3 ways the BFSI Sector is benefiting from predictive analytics

  Feb 18, 2022

Written by: Sarita Digumarti, Co-founder & COO, Jigsaw & Chief Learning Officer at UNext Learning

One thing we as humankind were sure of was the fact that the future couldn’t be predicted. It has always been definite and real but never certain. Until, revolutionary tech concepts like Big Data, analytics, Artificial Intelligence (AI) and machine learning became mainstream.

Today, most of us are aware  that with an adequate volume of quality data, we can try to use trends in historical data to make reasonable predictions about the future. This is what predictive analytics is all about and despite being a concept dating back to the 1940s, its implementations have garnered significant momentum fairly recently thanks to the boom in our ability to not only generate but store and process colossal volumes of data.

With major improvements in predicting outcomes and scenarios,  there’s one industry that is making the most of predictive analytics for a variety of purposes – the Banking, Financial Services and Insurance sector (BFSI).

As more ways to transact money and money’s worth and banking continue to pop up, BFSI companies are finding it hard to keep up with volatile shifts in customer demands, adapt to new workflows and tackle newer security challenges. Predictive analytics is a key strategic bankable solution the BFSI industry is able to leverage.

Projected to be a $28.1bn industry by 2026, the predictive analytics market is fast changing conventions in the ways banking and financial institutions operate. With over 52% of the companies using predictive analytics models for their operations and purposes, let’s look at some of the most eminent ways predictive analytics is solving diverse real-world problems in BFSI space.

Fight Financial Frauds

Currency is not the only way to transact money and money’s worth today and physical banks are not the only places to manage our finances and accounts. Today, there are digital payment systems, wallets, cryptocurrencies, mobile banking and more avenues for us to utilize. With so many options, what has simultaneously increased apart from customer satisfaction and ease of banking is the number of financial frauds and counterfeit transactions.

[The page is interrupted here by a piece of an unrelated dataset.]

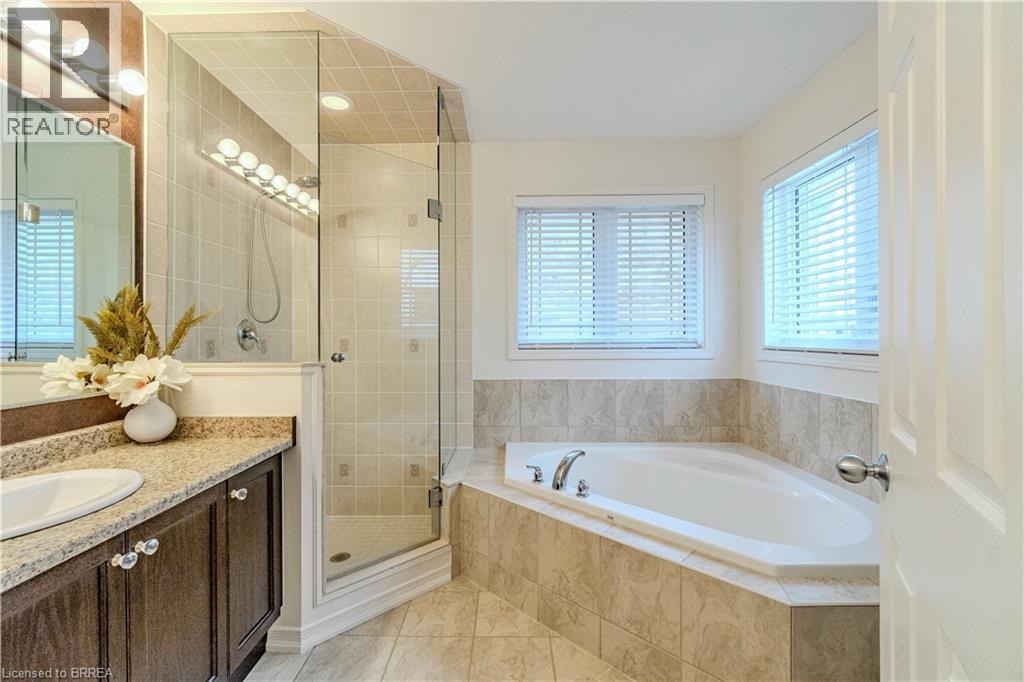 241 Thomas Avenue, Brantford, Ontario  N3S 0E1 - Photo 23 - 40794255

To bring some perspectives, let’s note that India reported 229 banking frauds (valuing up to 1.38 lac crore) every day between 2020 and 2021. The more alarming insight is that less than 1% of the amount has been recovered as yet.

To tackle this, financial institutions are increasingly relying on advanced algorithms powered by machine learning and predictive analytics to accurately predict instances of fraudulent transactions and identity thefts, improve KYC automations, detect unusual patterns in individual usage and more. Predictive analytics, in this aspect, is helping companies mitigate crimes and concerns before they occur.

Minimize Risks

From a financial institution perspective, there is always a significant amount of risk involved whenever a loan is disbursed. For a bank, therefore, accurate assessment of risk of default is critical. To make the process of loan approvals as well as collections more airtight, banks are leveraging predictive analytics models. This helps them gauge the repayment ability of applicants, understand patterns in previous loans and more.

Besides, such models also shatter conventional ways of approving loans by coming up with newer parameters for disbursals which would get otherwise rejected in legacy ecosystems.

Insurance companies, too, are making use of such models to come up with customized insurance plans and premium amounts based on individual profiling and assessments such as driving records, medical history, credit scores, weightage of documents submitted and more.

Better Customer Management

Cluttering market conditions is something that every business across every industry is facing currently and BFSI is no exception. With so many conventional financial institutions existing and new-age unicorns springing up, organizations must take very precise approaches to retain their existing customers and acquire new ones.

With abundant data at disposal, companies are now utilizing predictive analytics models and algorithms to revisit their engagement strategies:

Newer loyalty programs and incentives are replacing conventional ones
Patterns are studied on customer churns
Precise recommendation engines are being tested to exactly understand what customers require at specific timings and more to deliver value in maintaining relationships
Cross-selling is being done by organizations to better retain and engage their customers
Even before a customer is onboard, institutions are making efforts to sharpen their targeting through predictive analytics and conveniently find customers who are looking for them and more

This is making BFSI companies more holistic and end-to-end in terms of their operations and positioning.

Wrapping Up

We have just scratched the surface of predictive analytics’ potential and its application in the BFSI sector. As we increase the number of data touch points, develop advanced models and proceed further with developing narrow AI, we could look at more exciting and reassuring ways financial institutions could offer banking services to customers.